Also, this is written like PMI would not be the primary NMI source,
which seems somewhat unlikely.
> +
> + cpuc = this_cpu_ptr(&cpu_hw_events);
> +
> + /*
> + * Some chipsets need to unmask the LVTPC in a particular spot
> + * inside the nmi handler. As a result, the unmasking was
> + * pushed into all the nmi handlers.
> + *
> + * This generic handler doesn't seem to have any issues where
> + * the unmasking occurs so it was left at the top.
> + *
> + * N.B. Taken from x86_pmu_handle_irq()
> + */
Please write an AMD specific comment here. Note how 'recent' Intel chips
ended up pushing this to the end of the handler. Verify with your
hardware team where they want this and write as much of the rationale as
you're allowed to share in the comment.
> + apic_write(APIC_LVTPC, APIC_DM_NMI);
> +
> + for (idx = 0; idx < x86_pmu.num_counters; idx++) {
> + if (!test_bit(idx, cpuc->active_mask))
> + continue;
> +
> + event = cpuc->events[idx];
> + hwc = &event->hw;
> + val = x86_perf_event_update(event);
> + mask = BIT_ULL(idx);
> +
> + if (!(status & mask))
> + continue;
> +
> + /* Event overflow */
> + handled++;
> + perf_sample_data_init(&data, 0, hwc->last_period);
> +
> + if (!x86_perf_event_set_period(event))
> + continue;
> +
> + if (perf_event_overflow(event, &data, regs))

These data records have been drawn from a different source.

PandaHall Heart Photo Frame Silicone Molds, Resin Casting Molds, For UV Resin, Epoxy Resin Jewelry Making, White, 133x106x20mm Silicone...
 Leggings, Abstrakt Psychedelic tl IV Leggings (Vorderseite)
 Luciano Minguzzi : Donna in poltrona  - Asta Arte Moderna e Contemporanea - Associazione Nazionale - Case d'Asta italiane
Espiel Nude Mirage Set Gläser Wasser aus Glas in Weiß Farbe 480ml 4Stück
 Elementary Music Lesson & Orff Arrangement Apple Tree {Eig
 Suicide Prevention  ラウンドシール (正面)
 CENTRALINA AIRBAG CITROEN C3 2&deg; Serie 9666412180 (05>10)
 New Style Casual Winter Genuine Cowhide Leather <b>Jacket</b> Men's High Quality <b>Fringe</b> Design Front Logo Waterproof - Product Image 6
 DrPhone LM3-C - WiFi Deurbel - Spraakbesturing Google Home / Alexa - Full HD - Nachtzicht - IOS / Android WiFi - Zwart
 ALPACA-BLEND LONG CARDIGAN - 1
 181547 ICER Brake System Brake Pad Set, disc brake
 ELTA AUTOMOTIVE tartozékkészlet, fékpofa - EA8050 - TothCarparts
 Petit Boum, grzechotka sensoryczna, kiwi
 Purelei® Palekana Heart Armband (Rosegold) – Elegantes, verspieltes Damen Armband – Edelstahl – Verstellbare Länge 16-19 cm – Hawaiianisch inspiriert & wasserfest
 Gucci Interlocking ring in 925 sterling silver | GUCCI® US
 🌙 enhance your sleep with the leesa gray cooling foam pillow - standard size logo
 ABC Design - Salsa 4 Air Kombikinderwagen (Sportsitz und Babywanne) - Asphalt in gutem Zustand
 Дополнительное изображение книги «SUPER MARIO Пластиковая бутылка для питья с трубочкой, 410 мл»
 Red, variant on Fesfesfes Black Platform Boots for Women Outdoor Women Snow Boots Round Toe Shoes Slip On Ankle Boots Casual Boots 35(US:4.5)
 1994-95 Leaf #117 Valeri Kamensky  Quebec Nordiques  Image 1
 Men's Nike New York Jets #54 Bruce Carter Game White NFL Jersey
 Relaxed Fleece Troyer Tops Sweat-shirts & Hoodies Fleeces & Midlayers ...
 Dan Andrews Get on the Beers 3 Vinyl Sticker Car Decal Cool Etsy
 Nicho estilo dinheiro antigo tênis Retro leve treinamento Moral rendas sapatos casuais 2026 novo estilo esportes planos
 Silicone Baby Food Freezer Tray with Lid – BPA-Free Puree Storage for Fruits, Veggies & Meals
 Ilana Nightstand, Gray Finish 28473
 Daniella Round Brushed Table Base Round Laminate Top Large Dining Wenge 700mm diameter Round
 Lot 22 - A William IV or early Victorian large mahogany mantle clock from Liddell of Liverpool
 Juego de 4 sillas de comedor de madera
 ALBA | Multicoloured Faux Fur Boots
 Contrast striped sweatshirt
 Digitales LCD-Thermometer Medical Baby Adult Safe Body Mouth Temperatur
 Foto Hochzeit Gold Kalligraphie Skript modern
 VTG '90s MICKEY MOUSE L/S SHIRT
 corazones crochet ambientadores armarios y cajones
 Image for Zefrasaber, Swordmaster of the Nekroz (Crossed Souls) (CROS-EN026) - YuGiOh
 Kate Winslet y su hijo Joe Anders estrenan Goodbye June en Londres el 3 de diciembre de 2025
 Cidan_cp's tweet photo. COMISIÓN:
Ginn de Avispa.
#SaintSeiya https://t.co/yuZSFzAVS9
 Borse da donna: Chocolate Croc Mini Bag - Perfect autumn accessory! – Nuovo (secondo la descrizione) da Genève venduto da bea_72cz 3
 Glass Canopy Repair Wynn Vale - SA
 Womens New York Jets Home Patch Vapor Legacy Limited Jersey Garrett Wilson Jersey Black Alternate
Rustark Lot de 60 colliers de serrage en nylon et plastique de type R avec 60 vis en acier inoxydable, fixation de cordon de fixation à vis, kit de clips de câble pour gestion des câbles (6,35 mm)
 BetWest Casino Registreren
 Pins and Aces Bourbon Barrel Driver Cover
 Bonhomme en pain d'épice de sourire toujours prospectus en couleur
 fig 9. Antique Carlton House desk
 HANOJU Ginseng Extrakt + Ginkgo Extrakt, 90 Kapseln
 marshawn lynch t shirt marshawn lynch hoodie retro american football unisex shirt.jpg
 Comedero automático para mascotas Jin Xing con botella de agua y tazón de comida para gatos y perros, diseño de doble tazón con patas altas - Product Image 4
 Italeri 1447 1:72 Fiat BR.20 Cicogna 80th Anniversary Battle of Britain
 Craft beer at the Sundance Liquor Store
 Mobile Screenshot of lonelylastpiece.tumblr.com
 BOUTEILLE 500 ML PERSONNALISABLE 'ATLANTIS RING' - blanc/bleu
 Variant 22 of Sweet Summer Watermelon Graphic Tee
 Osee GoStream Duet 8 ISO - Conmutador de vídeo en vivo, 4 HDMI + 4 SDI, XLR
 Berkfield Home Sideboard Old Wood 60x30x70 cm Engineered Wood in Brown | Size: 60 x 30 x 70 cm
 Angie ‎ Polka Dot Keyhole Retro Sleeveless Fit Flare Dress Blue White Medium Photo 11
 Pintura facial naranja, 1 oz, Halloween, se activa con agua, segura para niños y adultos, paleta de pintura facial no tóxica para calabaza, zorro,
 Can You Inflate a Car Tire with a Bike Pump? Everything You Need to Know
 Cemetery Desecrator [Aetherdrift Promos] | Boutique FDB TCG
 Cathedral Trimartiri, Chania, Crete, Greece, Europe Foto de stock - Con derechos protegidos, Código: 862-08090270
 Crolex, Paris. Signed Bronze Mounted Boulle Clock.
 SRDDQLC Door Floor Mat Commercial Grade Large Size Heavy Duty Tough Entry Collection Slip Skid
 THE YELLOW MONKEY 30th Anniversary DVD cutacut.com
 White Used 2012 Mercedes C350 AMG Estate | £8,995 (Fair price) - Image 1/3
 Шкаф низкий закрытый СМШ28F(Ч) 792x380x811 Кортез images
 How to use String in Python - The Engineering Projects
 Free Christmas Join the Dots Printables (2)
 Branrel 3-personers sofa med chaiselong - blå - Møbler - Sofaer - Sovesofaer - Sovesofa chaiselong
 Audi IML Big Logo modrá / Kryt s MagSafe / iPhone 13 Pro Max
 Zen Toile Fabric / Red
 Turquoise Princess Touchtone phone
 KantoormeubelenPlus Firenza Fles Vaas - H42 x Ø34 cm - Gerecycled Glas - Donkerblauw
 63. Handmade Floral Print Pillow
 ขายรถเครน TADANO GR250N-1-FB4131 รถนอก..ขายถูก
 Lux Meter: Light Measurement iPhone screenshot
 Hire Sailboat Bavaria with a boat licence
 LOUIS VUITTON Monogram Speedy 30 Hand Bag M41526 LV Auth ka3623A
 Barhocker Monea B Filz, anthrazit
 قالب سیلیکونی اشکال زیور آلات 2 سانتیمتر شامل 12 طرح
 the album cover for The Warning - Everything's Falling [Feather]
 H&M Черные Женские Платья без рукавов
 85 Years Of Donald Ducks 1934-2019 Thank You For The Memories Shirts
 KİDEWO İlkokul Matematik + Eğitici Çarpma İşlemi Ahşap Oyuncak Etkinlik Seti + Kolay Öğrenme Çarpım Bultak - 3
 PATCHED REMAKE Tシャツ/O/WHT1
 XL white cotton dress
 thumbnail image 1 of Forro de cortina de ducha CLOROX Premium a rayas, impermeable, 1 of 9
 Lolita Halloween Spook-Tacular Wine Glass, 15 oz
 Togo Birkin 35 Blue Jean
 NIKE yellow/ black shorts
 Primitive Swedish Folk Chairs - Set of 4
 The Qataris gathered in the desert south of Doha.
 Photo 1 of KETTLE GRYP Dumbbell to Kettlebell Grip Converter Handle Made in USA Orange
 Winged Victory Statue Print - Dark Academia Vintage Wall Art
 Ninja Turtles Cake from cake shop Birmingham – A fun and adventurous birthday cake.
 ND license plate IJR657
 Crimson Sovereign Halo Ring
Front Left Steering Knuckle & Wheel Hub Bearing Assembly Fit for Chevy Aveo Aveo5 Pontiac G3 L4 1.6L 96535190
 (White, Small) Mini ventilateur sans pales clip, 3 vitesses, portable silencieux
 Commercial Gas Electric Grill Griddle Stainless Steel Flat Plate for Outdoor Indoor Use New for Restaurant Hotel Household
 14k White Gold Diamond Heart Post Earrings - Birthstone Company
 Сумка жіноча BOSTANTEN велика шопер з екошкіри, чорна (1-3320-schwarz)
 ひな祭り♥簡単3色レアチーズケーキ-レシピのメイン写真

> + x86_pmu_stop(event, 0);
> +
> + status &= ~mask;
> + }
> +
> + /*
> + * It should never be the case that some overflows are not handled as
> + * the corresponding PMCs are expected to be inactive according to the
> + * active_mask
> + */
> + WARN_ON(status > 0);
> +
> + /* Clear overflow bits */
> + amd_pmu_ack_global_overflow(~status);
> +
> + inc_irq_stat(apic_perf_irqs);
> +
> + /* Resume counting */
> + amd_pmu_global_enable_all(0);
I think this is broken vs perf_pmu_{dis,en}able(), note how
intel_pmu_handle_irq() saves/restores the enable state.
> +
> + return handled;
> +}
> +
> +DEFINE_STATIC_CALL(amd_pmu_handle_irq, x86_pmu_handle_irq);
> +
> /*
> * Because of NMI latency, if multiple PMC counters are active or other sources
> * of NMIs are received, the perf NMI handler can handle one or more overflowed
> @@ -741,7 +856,7 @@ static int amd_pmu_handle_irq(struct pt_regs *regs)
> int handled;
>
> /* Process any counter overflows */
> - handled = x86_pmu_handle_irq(regs);
> + handled = static_call(amd_pmu_handle_irq)(regs);
>
> /*
> * If a counter was handled, record a timestamp such that un-handled
> @@ -1041,6 +1156,8 @@ static int __init amd_core_pmu_init(void)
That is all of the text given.